Starting on page 19, they start getting into more crypto and the acoustic signatures from the crypto. Also of interest is the attack algorithm for the “chosen ciphertext” used to push out these acoustic signatures. I won’t touch on the crypto side of it as, it’s not my thing. But a problem is Enigmail automatically decrypts incoming email messages when Thunderbird displays its “new email” pop up notification. Thus this enables this chosen ciphertext attack, due to this feature.

Also the EM and acoustic noise and side channels due to software is very interesting to me, and this attack went after the GnuPG implementation of multiplication routine. They call it a mixture of a “schoolbook” multiplication routine and a recursive Karatsuba multiplication algorithm. I still struggle w/ a lot of basic algorithms so I won’t describe it, gets pretty “mathy”.

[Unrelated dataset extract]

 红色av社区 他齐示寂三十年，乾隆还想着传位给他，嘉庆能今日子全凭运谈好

Good points and Mitigations:
–Fan exhaust can create wideband noise for microphones too close and to high of gain. EM interference from fan motors and PWM driving circuit can also disrupt acoustic leakage (even though they did mention that adding other signals actually aided their attack). For their attack, they had to wait for the fan to turn off to begin cryptanalysis. This is why I believe fans (using a pseudorandom PWM sequence driving it) and heavy foam will be strong acoustic defenders. Distort the air flow. And enclose the laptop “power bricks”; or redesign (if wanted, it will be expensive…costs again!).
–Parallel software load on CPU, they mention this may help attacker since a background load on CPU affects leakage frequency by moving it from the 35-38kHz range to the 32-35kHz range; and w/ this lower frequency a less sensitive microphone can be used in attack.
–Ciphertext randomization. “Given a cipher text c, instead of decrypting c immediately one can generate a 4096 bit random value r, compute re, and then decrypt re*c and multiply the result by r-1.
–Modulus randomization and Cipher text normalization.

Ending thoughts:
Check page 49 for their power analysis set up (pretty easy to do, sounds like). Also page 52 for “chassis potential analysis” on ports and their set ups (they really really like Brüel&Kjær microphone capsules lol).

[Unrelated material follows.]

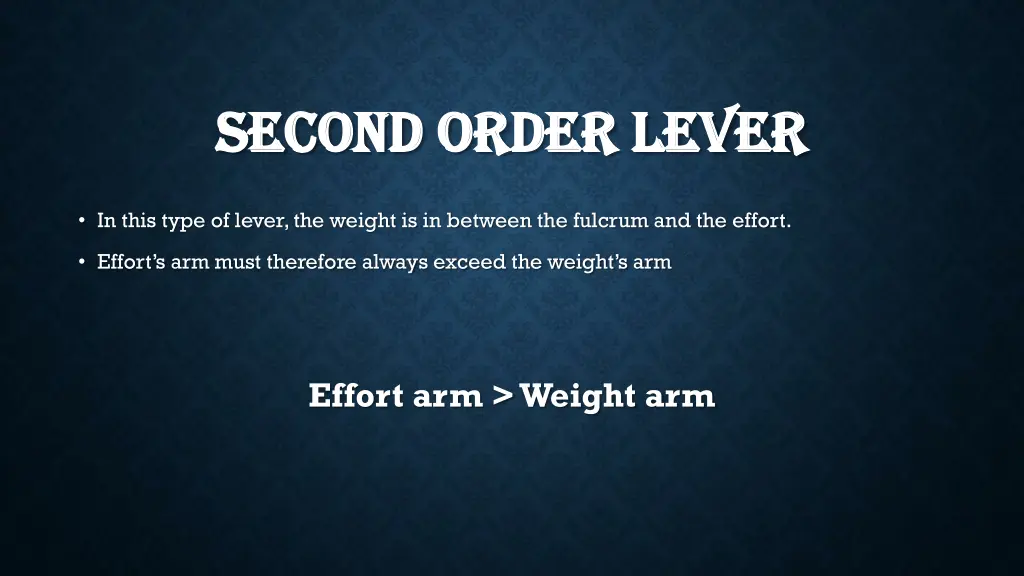 second order lever second order lever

I say separate interchangeable slots for TRNG’s using same interface (USB/PCI, serial, whatever) w/ all the different manufacturers, different algorithms (maybe even weak ones sometimes), different power levels, different times. Powering fans will be simple, you can do that w/ varying PWM loads w/ Arduino in like 2 seconds. All this entropy crap constantly distorting EM and acoustic signals. To keep it practical and not too crazy you can just rotate the modules on every boot for your ultimate secure machine. As Bruce says in AC2 (paraphrase), “this isn’t to secure your little sister from modifying your files, it’s for best attackers”.

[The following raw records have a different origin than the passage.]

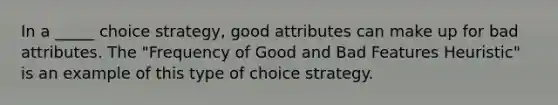 In a _____ choice strategy, good attributes can make up for bad attributes. The "Frequency of Good and Bad Features Heuristic" is an example of this type of choice strategy.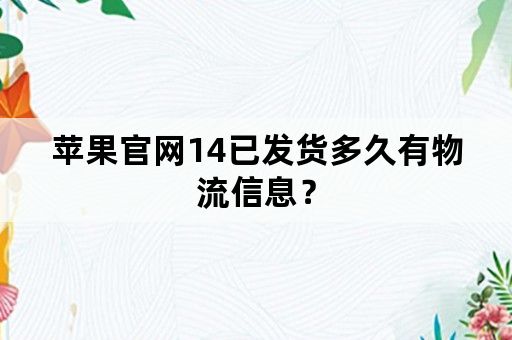 苹果官网14已发货多久有物流信息？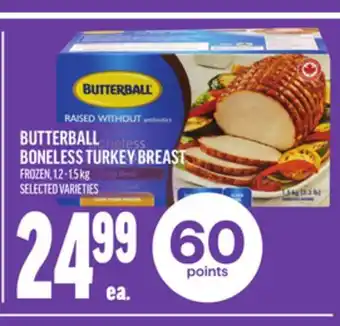 Metro BUTTERBALL BONELESS TURKEY BREAST offer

But…this still may not matter if they already have the signature to your core CPU…in which case you need multiples of that CPU, unless each individual CPU has a distinct signature…in which case I throw my hands up for now.

Ridiculous attack, but “they only get better”.

Here’s an older article where Shamir says some things that make cryptographers a little defensive, “Cryptography is ‘becoming less important’ because of state-sponsored malware, according to one of the founding fathers of public-key encryption.”

http://www.theregister.co.uk/2013/03/01/post_cryptography_security_shamir/

Cryptographers like Boneh and Diffie is this talk https://www.youtube.com/watch?v=eKhudJCGoJc definitely went on the defensive to dismiss that. But I think it’s the ordering that’s not right. Crypto where malware and other attacks can already see the entire lifecycle means it’s just…”security theater”. The computer and OS needs to be secure first and block those signals!

I think it’s important for big security people like Shamir to start pushing this that may be inline w/ what Bruce is pushing now which is Incident Response (IR) ie: the attackers will get in no matter what, how can we still operate when they do. Keep getting the tools cheaper and spreading knowledge so we can check our computers at home; or even better make them at home (someday…).


OT (but plays in w/ “acoustic cryptanalysis”)
Another use for RTL-SDR, someone is using the cheap dongle to reverse engineer a PS3…frickin’ crazy. He mentions the paper above having some good info, I plan on using the paper (and the dongle) to try and catch some signals I’m still getting on the audio port of PC’s at my school (gotten worse and more pronounced when inserting USB stick).

Results will probably be interesting, he’s still working on it.

http://www.rtl-sdr.com/hacking-playstation-3-using-rtl-sdr/

Thoth December 7, 2014 6:07 PM

@Nick P
Cost of some of the chips in that PDF you supplied looks cheaper in the current years than the previous years. Lower prices for chips than many years ago. But it looks like chips with 0.5 micron and bigger are a little more expensive than a few years ago (because 2008 – 2011 is the number 5 whereas 2005 – 2007 is 6). But overall chips are getting cheaper anyway as more are in demand.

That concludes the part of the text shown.